The second was because she said she didn't feel as strongly for me as she used to. She said she still had romantic feelings for me, that she loved me more than anyone outside of her family, and that I would be the first person she would think of once she felt capable of being in a relationship, but that we couldn't stay in the current one, and that we couldn't start over now. I'm not sure, but this might be due to the fact that she felt I was too dependent on her, as I didn't really have any other friends to spend time with.

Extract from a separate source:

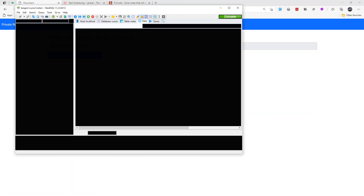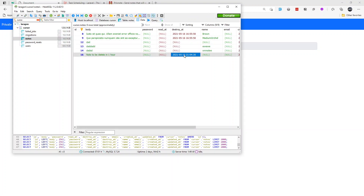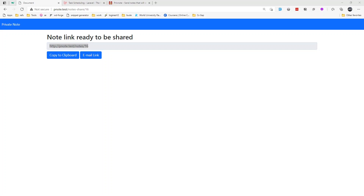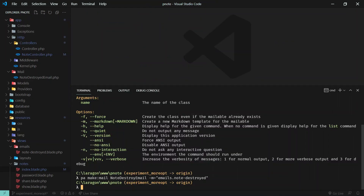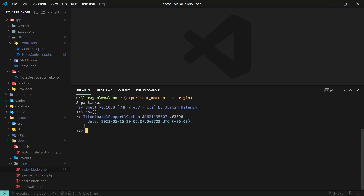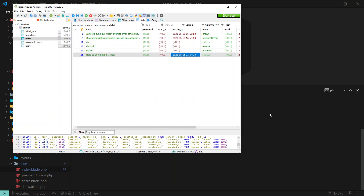Let's see the database — refresh it. 'Note to be deleted in one hour' and we are saving the UTC time one hour from now in the future. Let's open up the code and terminal to verify if it is saving the correct time. I'll boot up PHP artisan tinker — the value of now is 5:16, and in the database we are saving 5:16 21:04.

So here I am, girlfriendless, and with only one real friend, and I want to improve my social life. I want to do this partly because I realize I'll be happier if I do, partly because I want to be a better person when my ex gets things sorted out. I still hold hope for us because we had an incredibly deep relationship, and I don't want to give up on it if there's hope. I also want to do this because I don't want this dependency to become a problem with any other future girlfriends if things with my ex don't work out.
First, I feel like I need to move out of my house. I have two options, but I'm not sure which is best. I could try to move into a dorm, because I feel that if I did so, I'd have a much better opportunity at making friends just by leaving my door open and seeing the same people often. However I'm afraid I might seem kind of like a loser living in a dorm my senior year (although I'm probably going to end up being a fifth year senior). And there's also the disadvantages of dorm life, like communal bathrooms, sort of cramped living space and having to get a meal plan, and the possibility that I might not be able to do that until my senior year.
The other choice is getting an apartment near campus. The obvious advantages of this are having much nicer accommodations and being able to move much sooner. I don't think I'd have the same number of opportunities to make friends though.
Also, can anyone recommend any self-help books on developing better social skills? Or any techniques anyone used to just be more outgoing? I'm not asking for people to just tell me "Just talk to people", as I can do that, but I never have anything to say and things get awkward.
So basically, the TL;DR version, would it be better for me to move into a dorm or into an apartment in an attempt to make more friends? Can I manage to build a social life before graduating?